Au cours des trois derniers mois, les autorités tunisiennes ont, à cinq reprises, utilisé une législation aux termes vagues pour interroger, arrêter et condamner six journalistes. Cela comprend la législation sur la sécurité et la lutte contre le terrorisme et le décret présidentiel nº 2022-54 sur la cybercriminalité, qui contient des dispositions ambiguës qui prévoient des amendes punitives et de longues peines de prison pour la publication ou la diffusion de fausses nouvelles, informations ou rumeurs présumées, et autorise les agents des forces de l’ordre à accéder tout système ou dispositif d’information, pour l’inspection et la collecte de données stockées.

Dans la majorité de ces cas, les restrictions imposées à la liberté d’expression de ces journalistes ne semblent pas conformes aux exigences strictes du droit international des droits humains, notamment les principes de nécessité et de proportionnalité.

Depuis juillet 2021, le Bureau des droits de l’homme des Nations Unies en Tunisie a documenté 21 cas de violations présumées des droits de l’homme contre des journalistes, y compris des poursuites devant des tribunaux civils et militaires. Il y a lieu de croire que ces poursuites ont été engagées pour contrer les critiques publiques à l’encontre du président de la République ou des autorités. «En vertu du droit international des droits de l’homme, toutes les personnalités publiques, y compris les chefs d’État, peuvent légitimement faire l’objet de critiques», rappellent les Nations unies dans leur communiqué.
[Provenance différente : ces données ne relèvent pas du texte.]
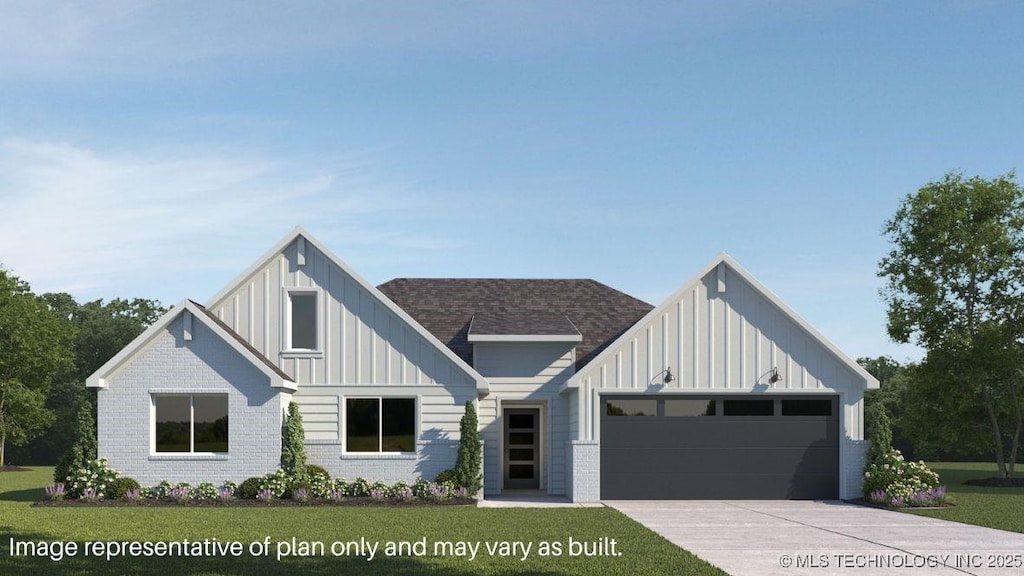 modern inspired farmhouse with board and batten siding, driveway, brick siding, an attached garage, and a front lawn
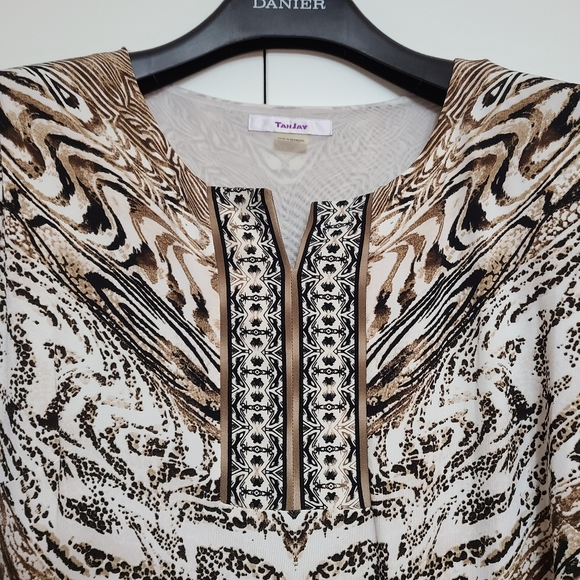 SZ 16 Plus Size shift dress stretch Tan Jay - Picture 2 of 6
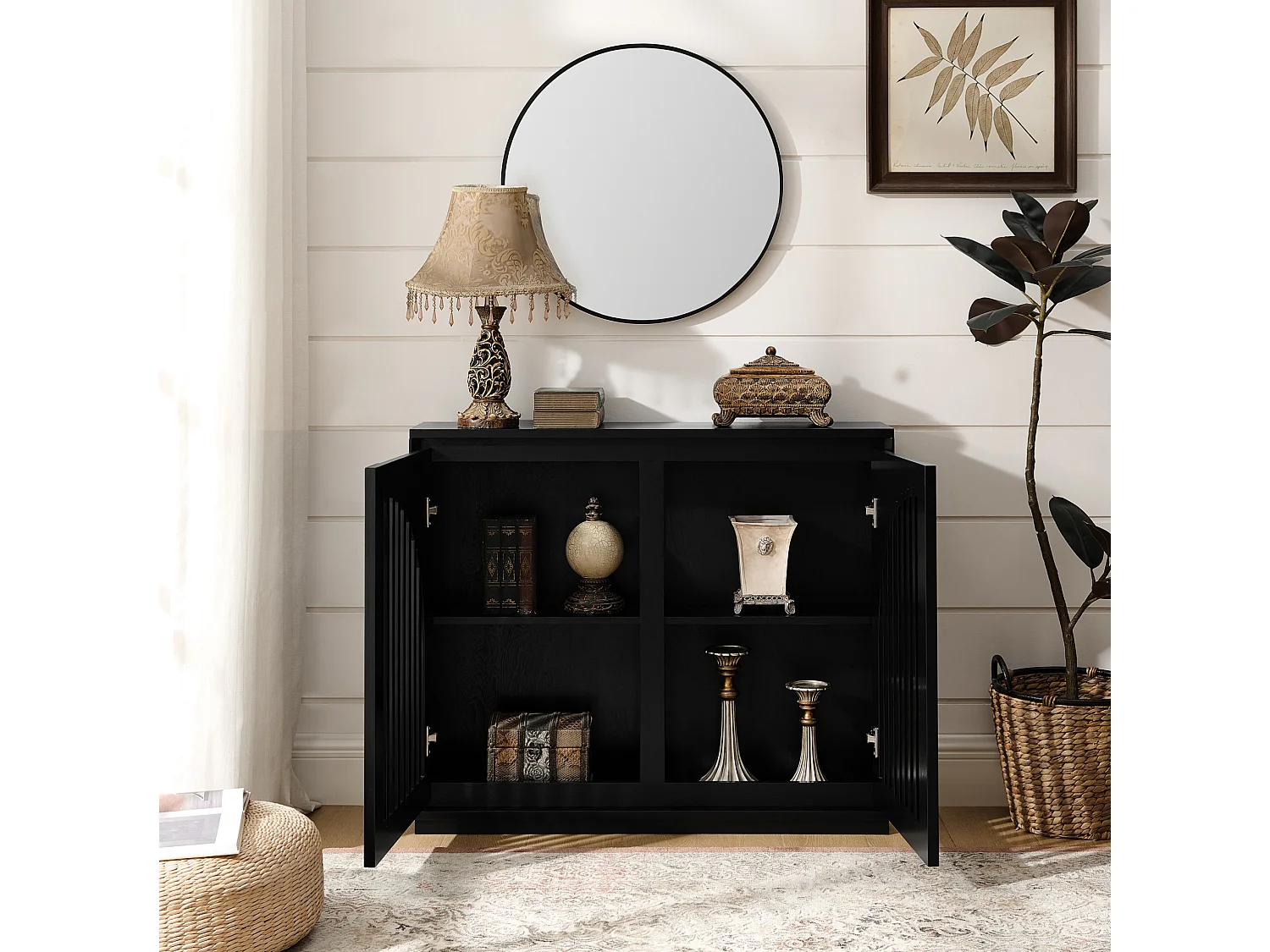 Buffet noir avec 2 portes - Façades cannelée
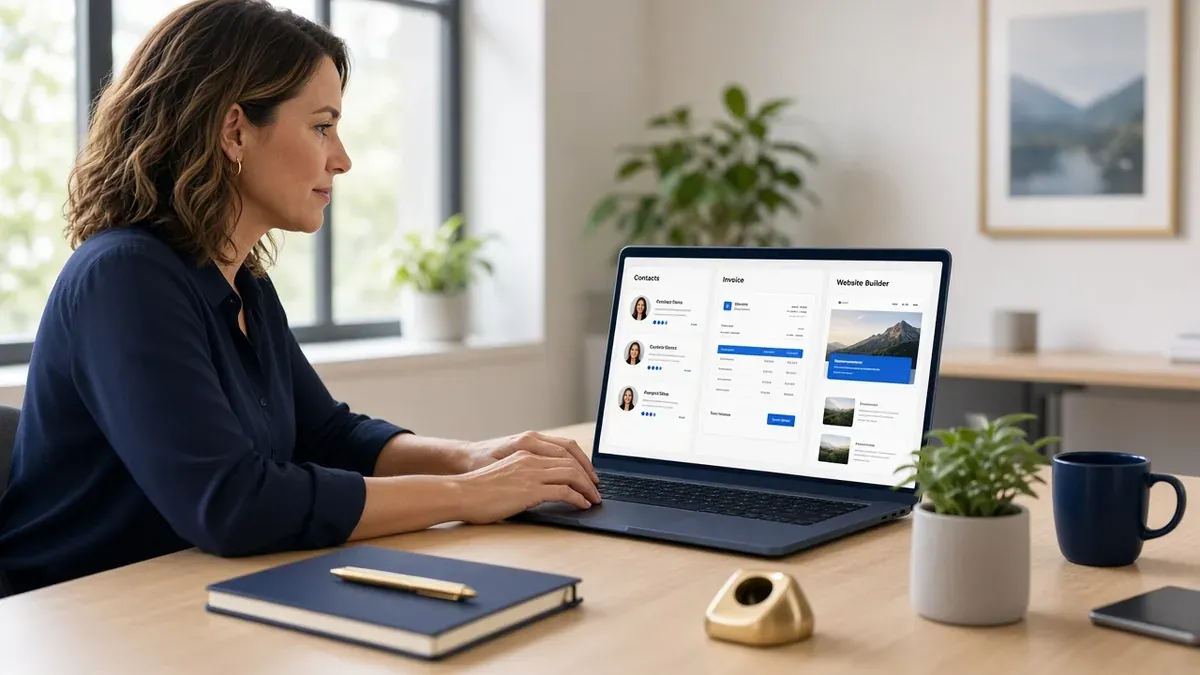 Small business owner at a laptop reviewing a CRM, invoicing, and website dashboard in a bright office.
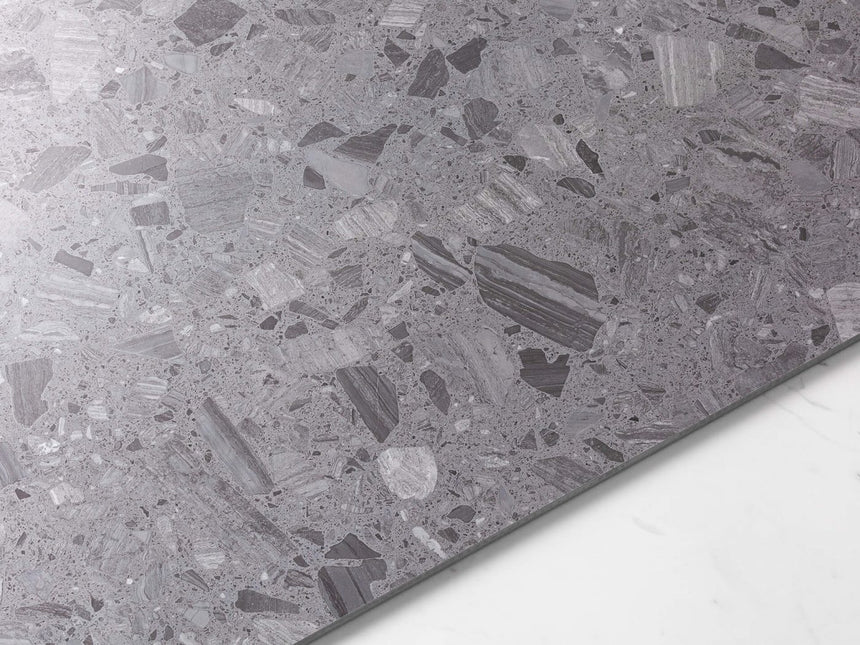 Marble Lagodi 1200x600 Satin Dark Grey Terrazzo Look Tiles Dongpeng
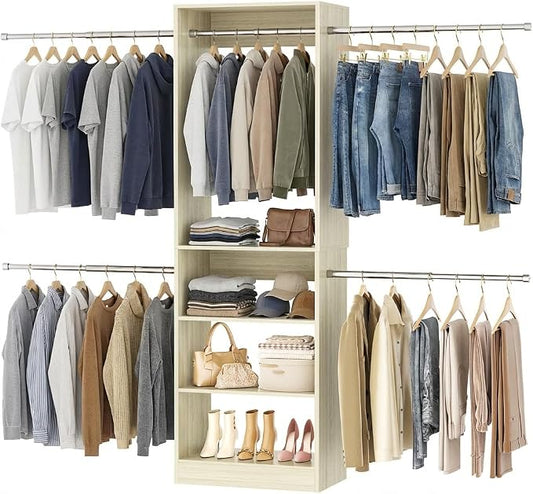 Closet System, 4.5-11.5 Ft Expandable Closet Organizer, Light Oak | 5 Hanging Rods, Walk-in Wood Closet Organizer System with Storage Tower, Heavy Duty Garment Rack Wardrobe for Bedroom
Le 15 juin, le Bureau du Parlement a décidé d’interdire aux journalistes de couvrir les réunions des commissions parlementaires. Le 17 juin, un juge a interdit aux médias de couvrir deux cas présumés de «complot contre la sécurité de l’État» dans lesquels des dizaines de personnes ont été poursuivies et détenues depuis la mi-février.

«Ces décisions portent atteinte au principe de transparence dans les affaires publiques. Les gens ont le droit d’être informés et pour ce faire, les journalistes doivent pouvoir faire leur travail sans aucune restriction indue», a déclaré le Haut-commissaire. «Faire taire la voix des journalistes, dans un effort concerté, sape le rôle crucial des médias indépendants, avec un effet corrosif sur la société dans son ensemble», a-t-il déclaré.
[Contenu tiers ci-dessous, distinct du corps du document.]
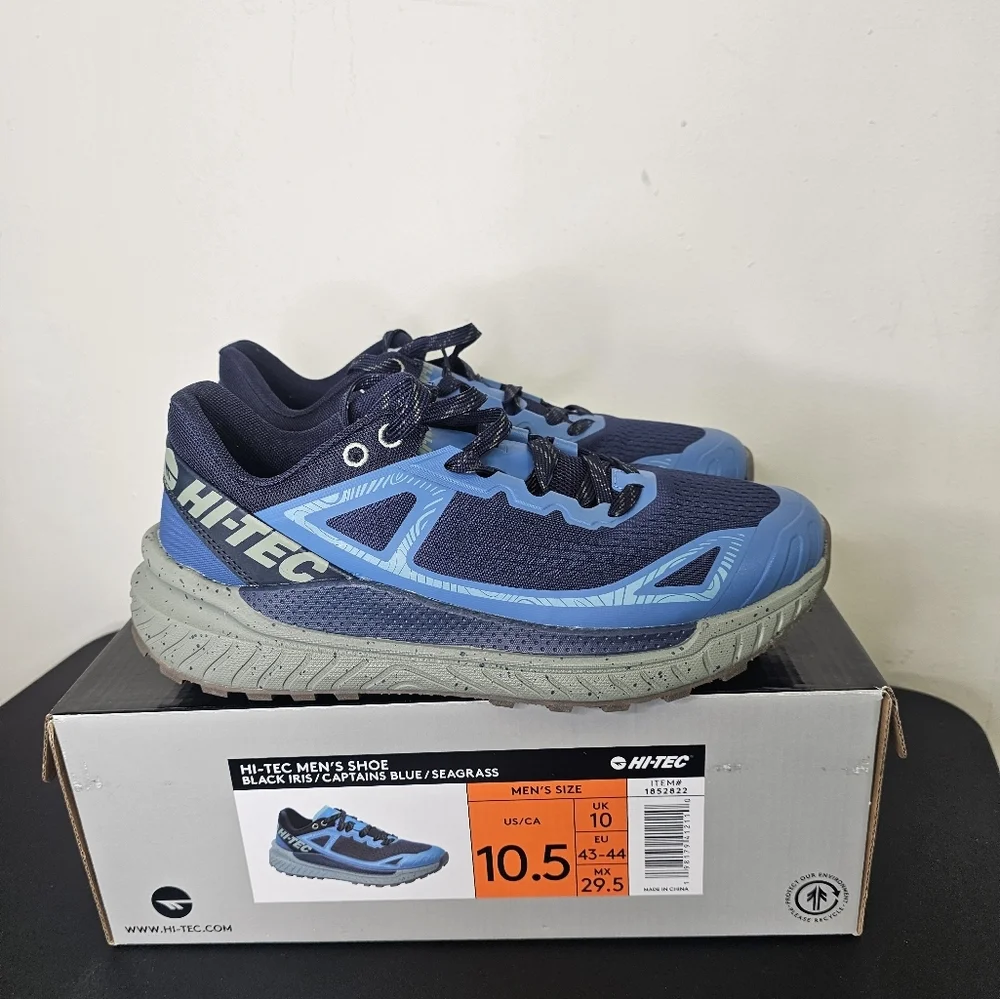 Hi-Tec Men's Shoes Black IRIS Captains Blue Seagrass Size 10.5 - Picture 3 of 7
La Haut-commissaire a appelé les autorités tunisiennes à respecter les normes d’une procédure régulière et d’un procès équitable dans toutes les procédures judiciaires, à cesser de juger des civils devant des tribunaux militaires et à libérer toutes les personnes détenues arbitrairement, y compris toute personne détenue pour avoir exercé son droit de rechercher, de recevoir et de communiquer des informations.

Communiqué.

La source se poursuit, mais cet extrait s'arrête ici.